La focalizzazione sull’alta qualità e liquidità sarà cruciale nell’assumere rischio nei portafogli nel 2023 a fronte di una pressione che resta intensa sulla politica monetaria.

Nelle ultime settimane sono aumentati i dati che dimostrano la resilienza dell’economia dell’Eurozona a fronte dei forti shock subiti con i rincari dell’energia e l’inasprimento delle condizioni finanziarie. Dopo avere toccato un minimo intorno a 47 punti a ottobre, l’indice PMI composito dell’Area Euro a gennaio è risalito sopra i 50 punti (cfr. Figura 1), segnalando una stagnazione anziché una contrazione dell’attività economica.
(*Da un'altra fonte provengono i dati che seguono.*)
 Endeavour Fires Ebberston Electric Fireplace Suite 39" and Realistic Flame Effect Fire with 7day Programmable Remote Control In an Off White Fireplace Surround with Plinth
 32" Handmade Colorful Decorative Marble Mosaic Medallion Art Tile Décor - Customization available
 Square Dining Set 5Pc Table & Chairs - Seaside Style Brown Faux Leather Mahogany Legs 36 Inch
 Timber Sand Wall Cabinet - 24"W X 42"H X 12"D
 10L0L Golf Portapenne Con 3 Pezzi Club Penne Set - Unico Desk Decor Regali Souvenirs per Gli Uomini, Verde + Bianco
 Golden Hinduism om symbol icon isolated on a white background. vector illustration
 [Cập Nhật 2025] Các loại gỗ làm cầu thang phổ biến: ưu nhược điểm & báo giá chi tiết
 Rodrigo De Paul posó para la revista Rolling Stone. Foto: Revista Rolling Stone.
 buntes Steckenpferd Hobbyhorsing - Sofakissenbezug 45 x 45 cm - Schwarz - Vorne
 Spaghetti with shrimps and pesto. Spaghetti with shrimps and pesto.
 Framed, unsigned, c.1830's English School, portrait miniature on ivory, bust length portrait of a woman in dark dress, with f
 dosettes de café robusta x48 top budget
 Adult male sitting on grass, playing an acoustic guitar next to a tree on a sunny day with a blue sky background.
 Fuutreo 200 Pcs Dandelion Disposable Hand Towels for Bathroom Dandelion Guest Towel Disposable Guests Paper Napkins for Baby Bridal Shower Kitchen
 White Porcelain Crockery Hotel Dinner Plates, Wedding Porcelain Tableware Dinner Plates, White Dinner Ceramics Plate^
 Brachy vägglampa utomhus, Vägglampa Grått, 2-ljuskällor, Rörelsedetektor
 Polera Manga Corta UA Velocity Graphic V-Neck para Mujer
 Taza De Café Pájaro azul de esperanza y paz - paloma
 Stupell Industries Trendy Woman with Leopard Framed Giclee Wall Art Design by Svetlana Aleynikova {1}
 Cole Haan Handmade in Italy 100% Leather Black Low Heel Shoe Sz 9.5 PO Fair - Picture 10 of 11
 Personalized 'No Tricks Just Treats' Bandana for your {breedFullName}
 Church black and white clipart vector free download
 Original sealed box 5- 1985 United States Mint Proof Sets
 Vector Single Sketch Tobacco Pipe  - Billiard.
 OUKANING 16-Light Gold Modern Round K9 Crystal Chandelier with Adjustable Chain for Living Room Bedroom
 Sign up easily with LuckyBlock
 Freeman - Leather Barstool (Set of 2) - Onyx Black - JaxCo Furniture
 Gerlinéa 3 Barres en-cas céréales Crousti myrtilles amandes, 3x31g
La produzione industriale tedesca nel frattempo a novembre è cresciuta nonostante una netta flessione dei nuovi ordinativi nel mese, il che riflette l’evasione del consistente arretrato accumulato durante la pandemia. Sorprende in positivo il dato preliminare del PIL tedesco per il 2022 che indica una lieve espansione dell’economia nell’ultimo trimestre dell’anno appena trascorso a fronte di diffuse aspettative di una flessione sino a poco tempo fa.

Figura 1 - PMI Eurozona

Figura 1: il grafico mostra il PMI dell’Eurozona da gennaio 2015 a gennaio 2023. Il PMI è un indicatore dello stato di salute dell’economia, quando si attesta al di sotto di 50 punti segnala una contrazione mentre quando è al di sopra dei 50 punti è indicativo di espansione economica. Il grafico mostra un’economia in buona salute dal 2015 al 2019, una brusca contrazione dopo lo scoppio della pandemia nel 2020, e un’espansione economica dagli inizi del 2021 agli inizi del 2022 prima di una nuova flessione nella seconda metà del 2022. Il PMI a gennaio 2023 è però risalito poco sopra i 50 punti.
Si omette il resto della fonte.